• _Your goal_:
For this exercise, copy exactly the lines below from the one with "A prominent vein" through the one with "laser-urologia" and leave out the pictures.

BEGIN The records

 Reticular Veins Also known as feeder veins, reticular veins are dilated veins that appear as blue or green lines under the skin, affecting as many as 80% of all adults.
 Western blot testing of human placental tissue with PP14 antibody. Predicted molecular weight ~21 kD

END The records
BEGIN The records

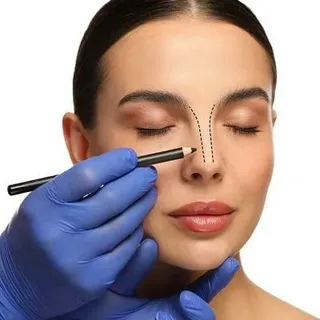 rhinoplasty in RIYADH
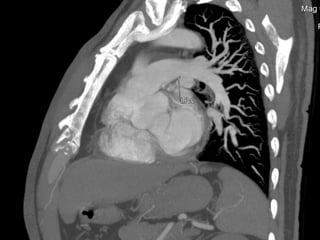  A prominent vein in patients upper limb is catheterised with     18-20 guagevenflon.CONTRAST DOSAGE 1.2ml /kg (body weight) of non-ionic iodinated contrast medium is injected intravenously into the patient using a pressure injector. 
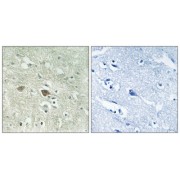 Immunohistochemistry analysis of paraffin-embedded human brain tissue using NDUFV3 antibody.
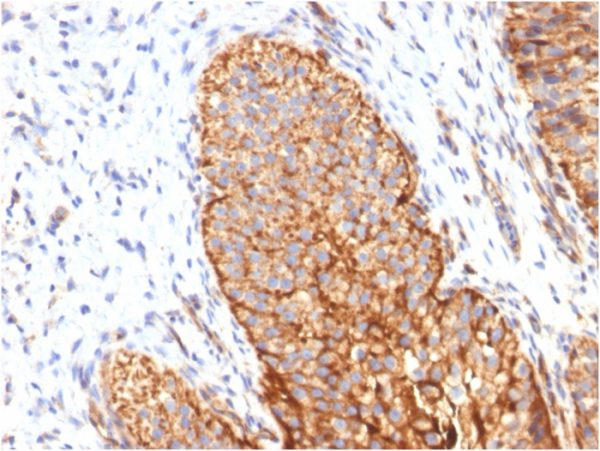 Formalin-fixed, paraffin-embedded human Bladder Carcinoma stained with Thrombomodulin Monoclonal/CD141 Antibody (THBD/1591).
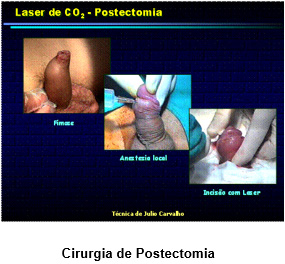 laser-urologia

END The records
BEGIN The records

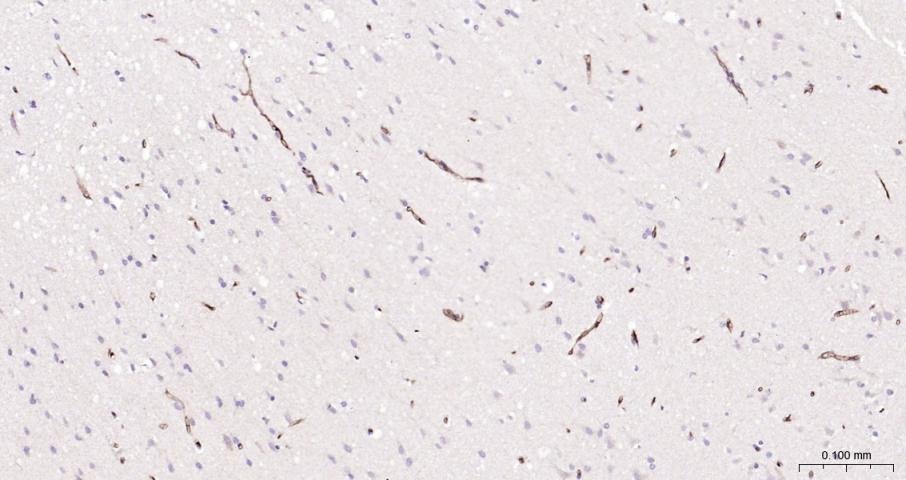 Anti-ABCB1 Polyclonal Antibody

END The records

• _Output for this task_:
  A prominent vein in patients upper limb is catheterised with     18-20 guagevenflon.CONTRAST DOSAGE 1.2ml /kg (body weight) of non-ionic iodinated contrast medium is injected intravenously into the patient using a pressure injector. 
 Immunohistochemistry analysis of paraffin-embedded human brain tissue using NDUFV3 antibody.
 Formalin-fixed, paraffin-embedded human Bladder Carcinoma stained with Thrombomodulin Monoclonal/CD141 Antibody (THBD/1591).
 laser-urologia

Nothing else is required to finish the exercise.